📘 Example Problem on Backtracking: N-Queens Problem
1️⃣ Introduction
The N-Queens problem is a classical problem used to explain the Backtracking algorithm design technique.
🔹 Problem Statement
Place N queens on an N × N chessboard such that:
- No two queens attack each other
- That means:
- No two queens in the same row
- No two queens in the same column
- No two queens on the same diagonal
2️⃣ Why N-Queens Uses Backtracking
- Each queen placement is a decision
- If a conflict occurs, we undo (backtrack) the decision
- The solution is built incrementally
- Exhaustive search is avoided by pruning invalid states
3️⃣ Basic Idea of Backtracking in N-Queens
- Place one queen in a row
- Check if the position is safe
- If safe, move to the next row
- If not safe, try next column
- If no column works, backtrack to previous row
4️⃣ Representation of the Solution
- Use a 1-D array
board[] board[i] = jmeans
Queen is placed in row i, column j
5️⃣ Safety Condition (Key Logic)
A queen at position (row, col) is safe if:
- No queen is in the same column
- No queen is on the left diagonal
- No queen is on the right diagonal
🔹 Mathematical Conditions
For all previous rows i < row:
board[i] ≠ col|board[i] − col| ≠ |i − row|
6️⃣ Algorithm for N-Queens (Backtracking)
🔹 Pseudocode
NQueen(row):
if row == N:
print solution
return
for col = 0 to N-1:
if isSafe(row, col):
board[row] = col
NQueen(row + 1)
board[row] = -1 // backtrack
🔹 isSafe Function
isSafe(row, col):
for i = 0 to row-1:
if board[i] == col
or |board[i] - col| == |i - row|:
return false
return true
7️⃣ Example: 4-Queens Problem
🔹 One Valid Solution
| Row | Column |
|---|---|
| 0 | 1 |
| 1 | 3 |
| 2 | 0 |
| 3 | 2 |
🔹 Board Representation
. Q . .
. . . Q
Q . . .
. . Q .
✔ No queens attack each other
8️⃣ State Space Tree (Concept)
- Each level represents a row
- Each branch represents a column choice
- Invalid branches are pruned early
This drastically reduces search space compared to brute force.

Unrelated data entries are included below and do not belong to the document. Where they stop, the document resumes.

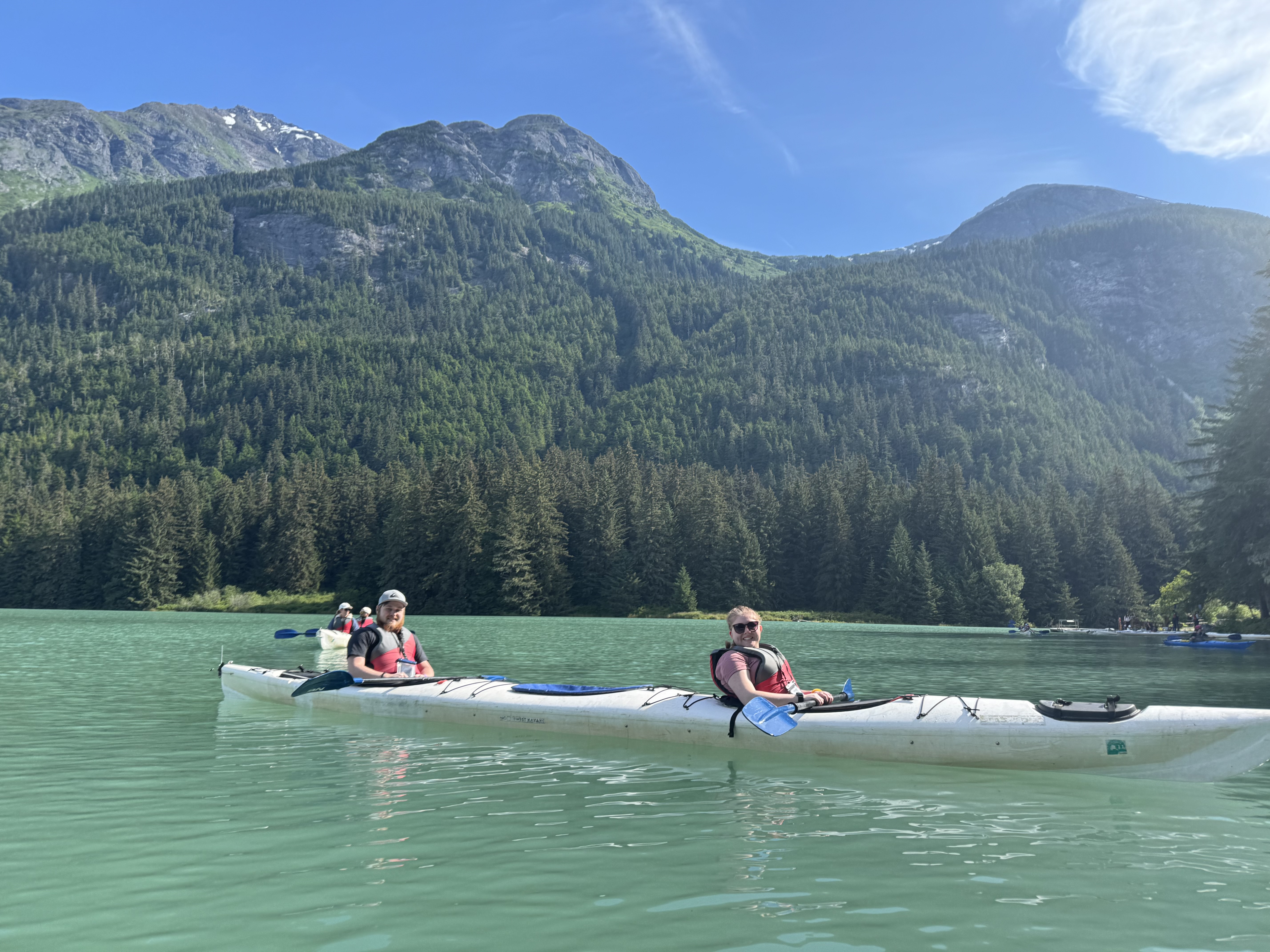 Two family members kayaking on turquoise Chilkoot Lake beneath forested mountains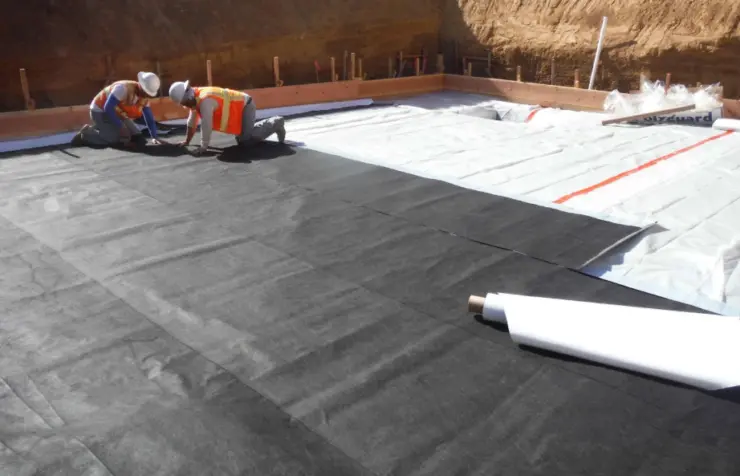 Construction workers installing waterproofing membrane on a building foundation.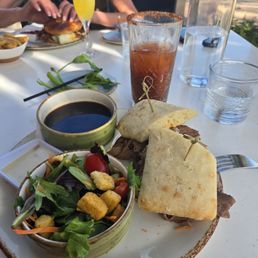 This is the Prime Rib Dip sandwich, with the house salad vinegarette dressing and Bloody Mary. One take away was dirty celery in my drink This is the Prime Rib Dip sandwich, with the house salad vinegarette dressing and Bloody Mary. One take away was dirty celery in my drink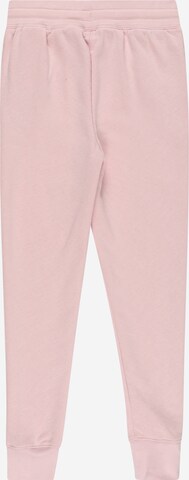 UNDER ARMOUR Workout Pants 'Rival' in Pink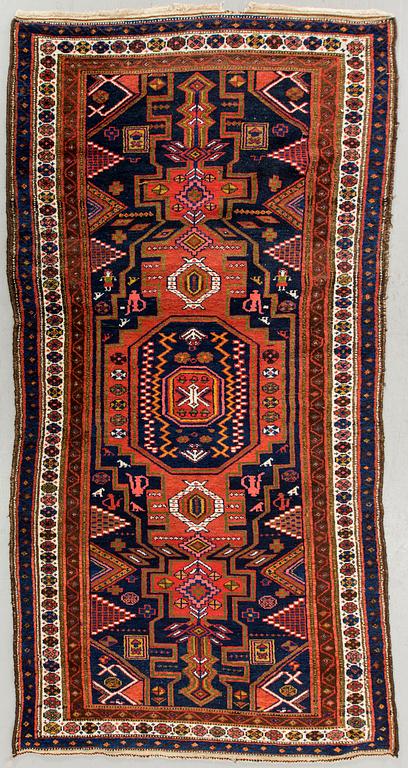 An antique Kurdistan carpet ca 250 x 133 cm.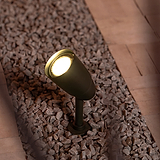 Lámpara para suelo Ealing en bronce iluminando hacia arriba desde una base de piedra por debajo. 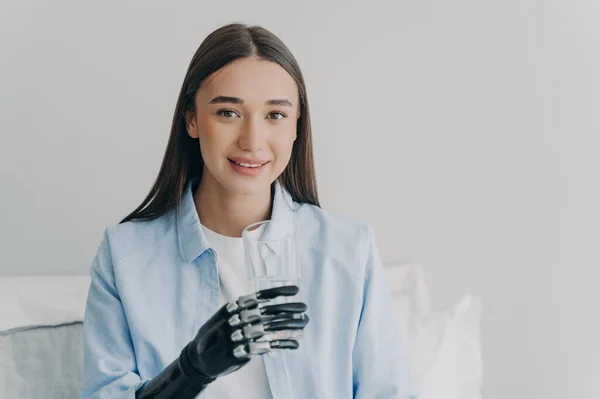 Happy disabled girl grasps a glass with myoelectric hand. High technology prosthesis. Nervous control sensored hand. European woman is smiling. Technology and science innovation concept.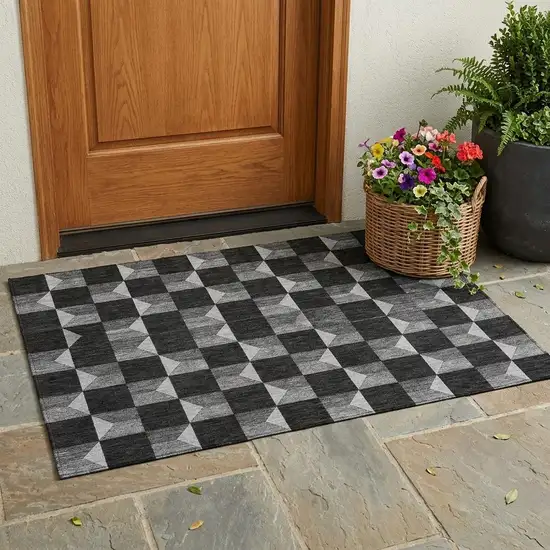 Black And Ivory Geometric Washable Indoor Outdoor Area Rug Photo 1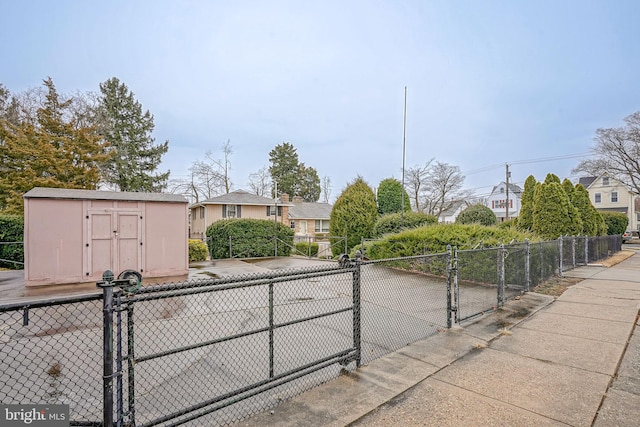 view of road with a residential view, sidewalks, and a gate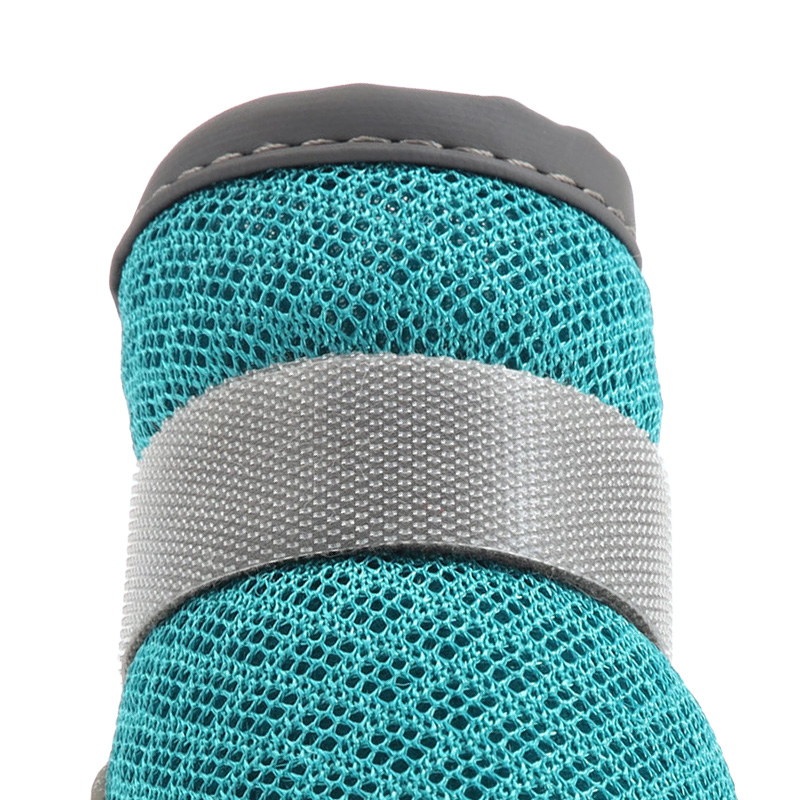 Macro view focusing on the ultra-breathable honeycomb mesh core weave configuration of lightweight protective dog shoes.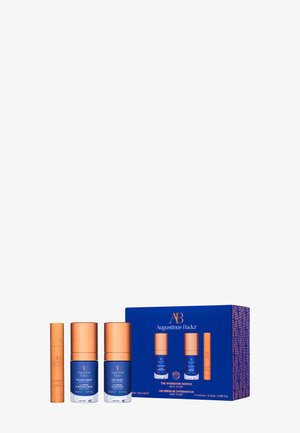 Augustinus Bader Hautpflege-Set mit blauen und kupferfarbenen Flaschen und einer blauen Box mit der Aufschrift „The Hydration Heroes“ auf weißem Hintergrund.
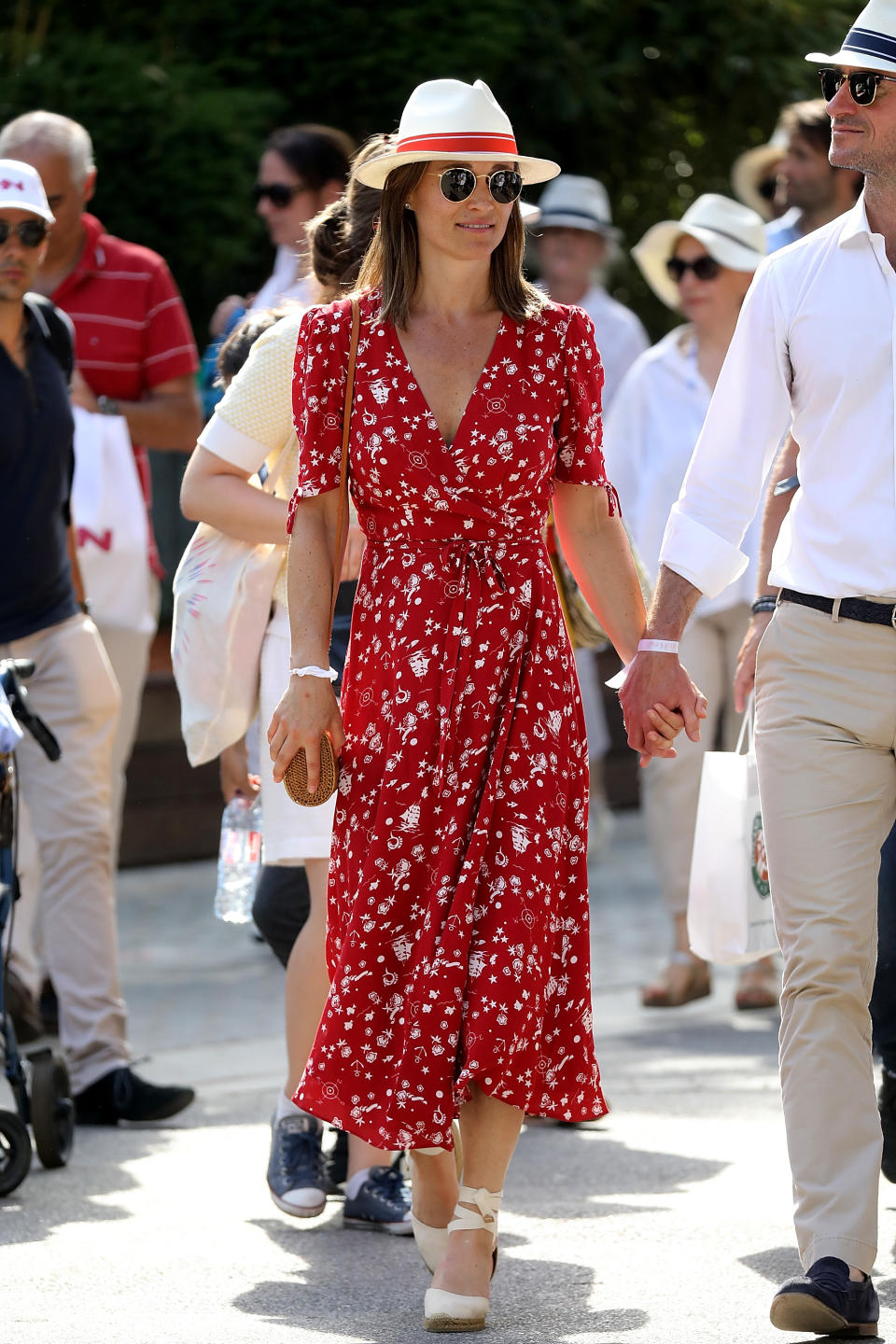 On May 27, Pippa Middleton sparked pregnancy rumours at the French Open in a printed Ralph Lauren dress [Photo: Getty]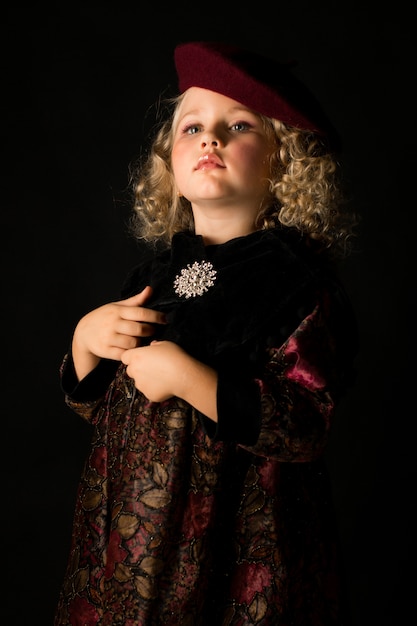 Girl in brown old-fashioned costume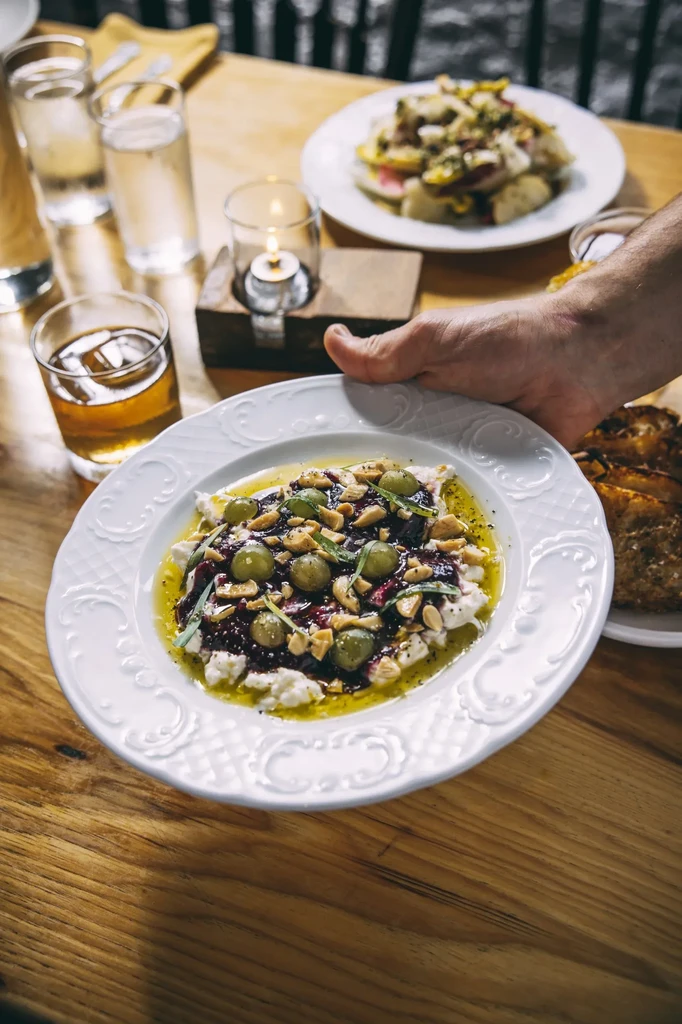 Ornate plate with creamy dish, dark sauce, grapes, nuts, and herbs.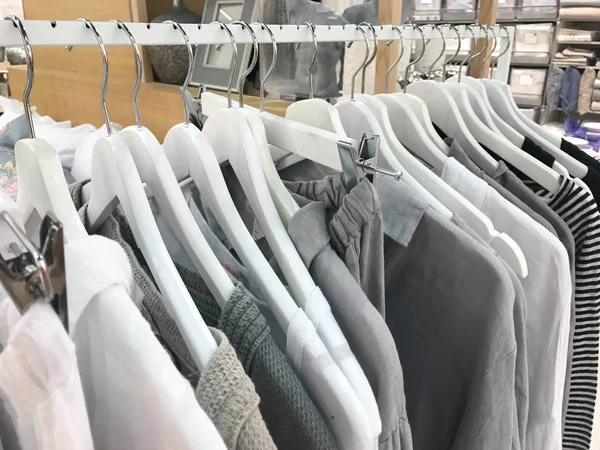 gray tone linen clothes hanging on a rack in a designer clothes store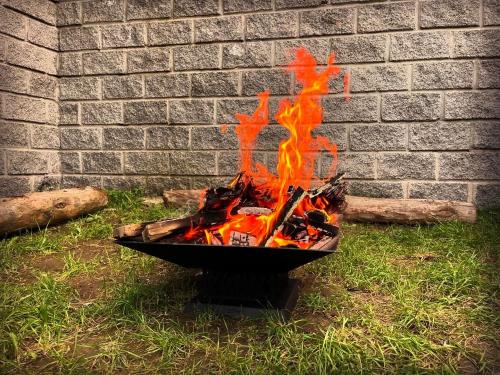 a fire pit sitting in the grass next to a brick wall at Bedroom La Casa Dilijan N1 in Dilijan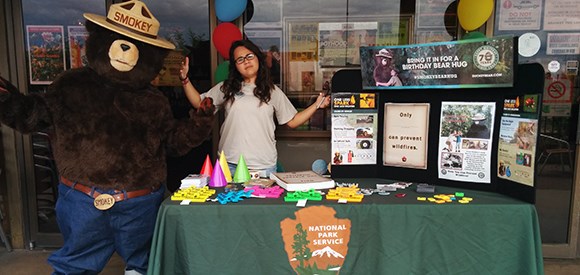A ranger and Smokey Bear stand behind a table with fire prevention materials.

9️⃣ Time and Space Complexity
🔹 Time Complexity
- Worst case: O(N!)
- Practical performance is much better due to pruning
🔹 Space Complexity
- Board array: O(N)
- Recursion stack: O(N)
🔟 Advantages of Using Backtracking
✔ Avoids unnecessary computations
✔ Systematic exploration
✔ Efficient compared to brute force
1️⃣1️⃣ Limitations
✖ High time complexity for large N
✖ Recursive overhead
1️⃣2️⃣ Applications of N-Queens / Backtracking
- Sudoku solver
- Graph coloring
- Hamiltonian paths
- Puzzle solving
🔚 Conclusion
The N-Queens problem is a classic example that demonstrates the power of backtracking in solving constraint-satisfaction problems.
Backtracking explores all possibilities but abandons paths that violate constraints early.